The S-Bahn detoured to Messe Sud, somewhere I’d never heard of before, then the ersatzverkehr bus dragged me the length of that absurd Autobahn cutting Grunewald, depositing me at the far south end – S-Bahn Nikolaisee. I decided to walk in the opposite direction to my usual.

My vague plan was to veer immediately towards the lake, then follow by or near the coast up till Havelchausee (another piece of tarmac through the forest), crossing over to continue by the lake and perhaps stumble by Kaiser-Wilhelm-Turm continuing up into the bulge of the forest between the north end of Großer Wannsee and Teufelsberg before heading east-ish to S-Bahn Grunewald. Mostly I managed that, though once past the Turm, having discovered blisters growing on blisters, curved more directly towards the finish.

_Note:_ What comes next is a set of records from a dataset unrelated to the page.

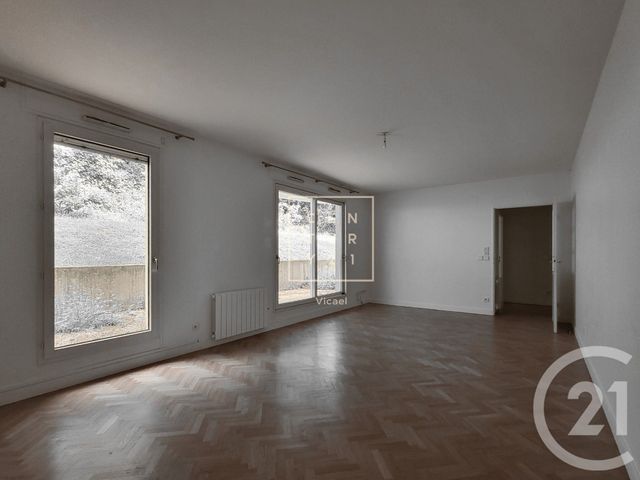 Appartement F3 à vendre - 3 pièces - 74.68 m2 - LE PLESSIS ROBINSON - 92 - ILE-DE-FRANCE - Century 21 Vicael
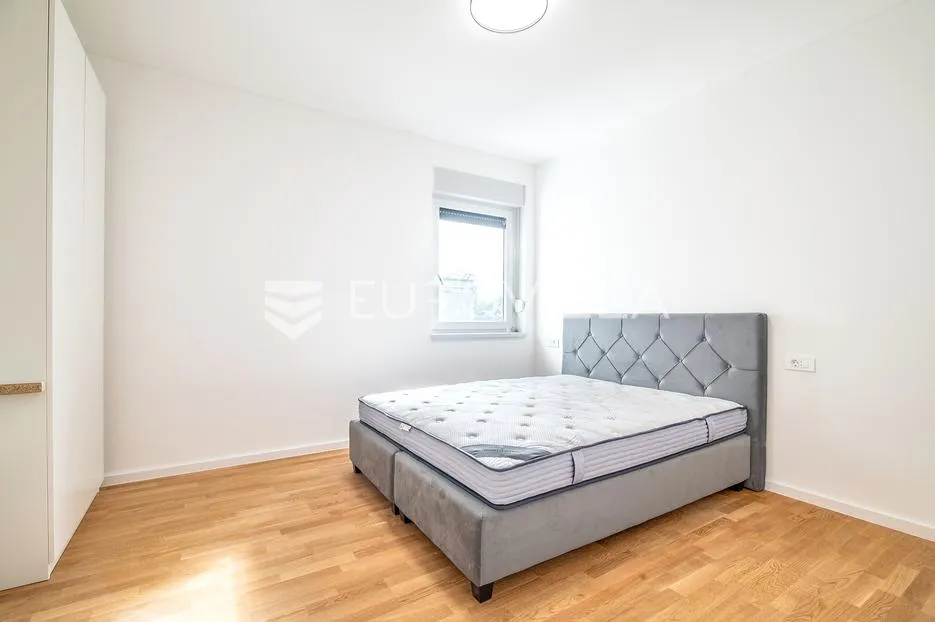 zagreb podsused dvosoban stan 65 m² s parkirnim mjestom i vrtom - slika 3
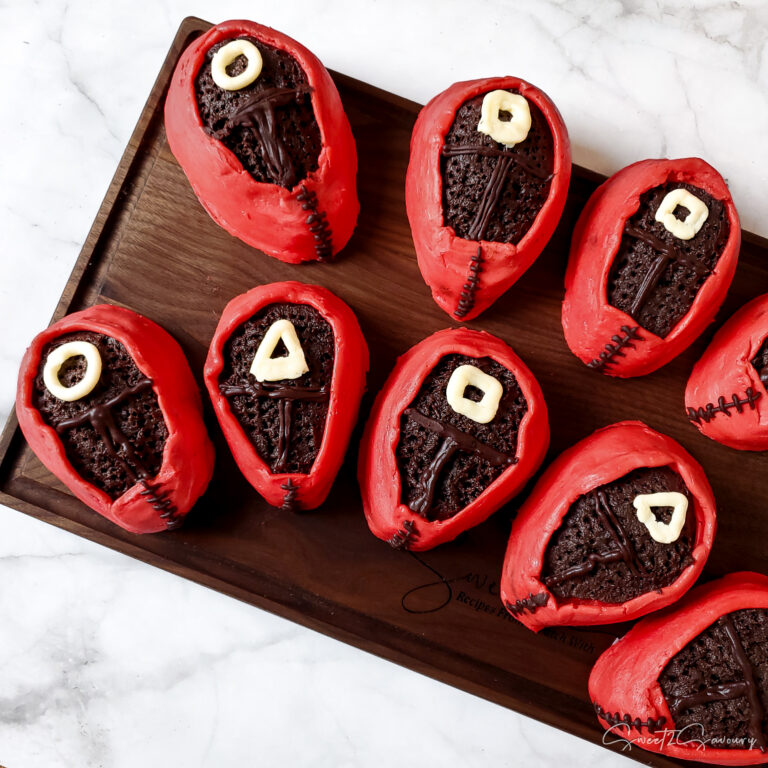 ‘Squid Game’ Pink Soldier Mini Cakes (No Fondant!)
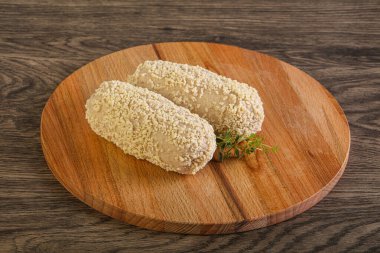 Fırında pişmemiş tavuk pirzolası.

The weather was close to perfect. Cold, grey occasionally split by shafts of turbulent sun, wet – not quite raining though – and tempestuously windy. As with my love of climbing, I don’t think too deeply about why my ideal hiking conditions verge on atrocious, and being wet, cold and suffering is sublime. Part of it is that there are simply less people, and so an according increase in wildlife activity.

I didn’t take many photos. These walks are in part just to enjoy the rhythm of moving across uneven ground surrounded by woods for hours on end until I ache a little, and so I only infrequently pause, though the idea of spending many hours photographing one small copse or gully is seductive. The light early on was beautiful, and most of the photos I took were in the first kilometer. They don’t capture though the ethereal glow beneath the turning leaves; at times it feels as though I am nowhere near a big city, and have arrived in some transcendental landscape.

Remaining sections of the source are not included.